:: Task prompt ::
Send back the data below exactly. Drop every picture.

:: Data provided ::
»»

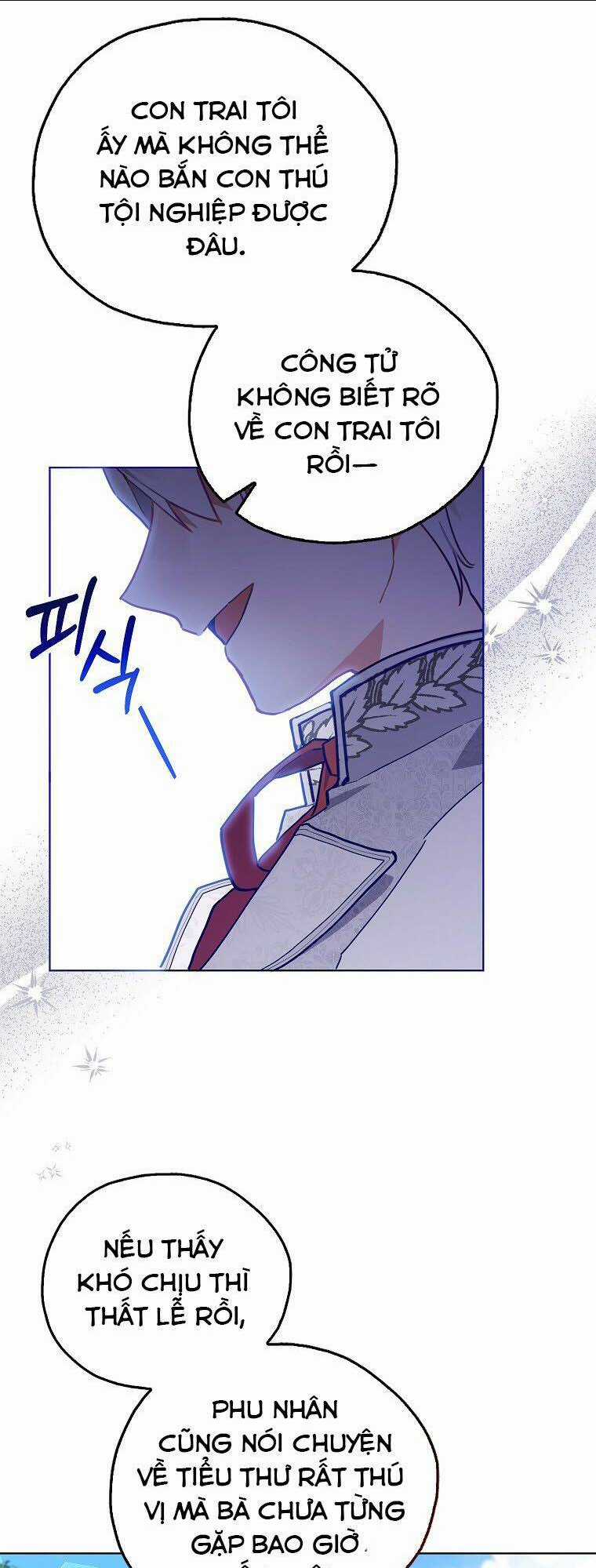 Bé Con Chốn Hoa Nở Chapter 5 trang 28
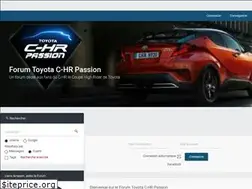 Sites similar to forum-c-hr-passion.com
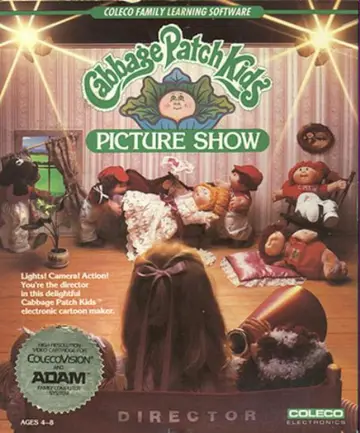 Cabbage Patch Kids Picture Show ColecoVision box art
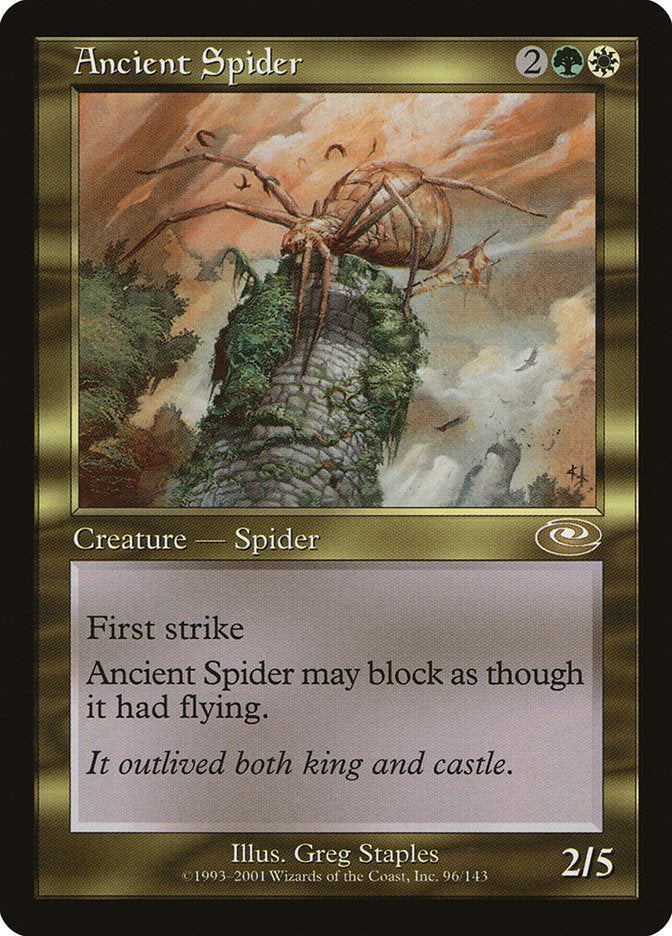 Ancient Spider (PLS-096) - Planeshift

««

:: Response for this exercise ::
 Bé Con Chốn Hoa Nở Chapter 5 trang 28
 Sites similar to forum-c-hr-passion.com
 Cabbage Patch Kids Picture Show ColecoVision box art
 Ancient Spider (PLS-096) - Planeshift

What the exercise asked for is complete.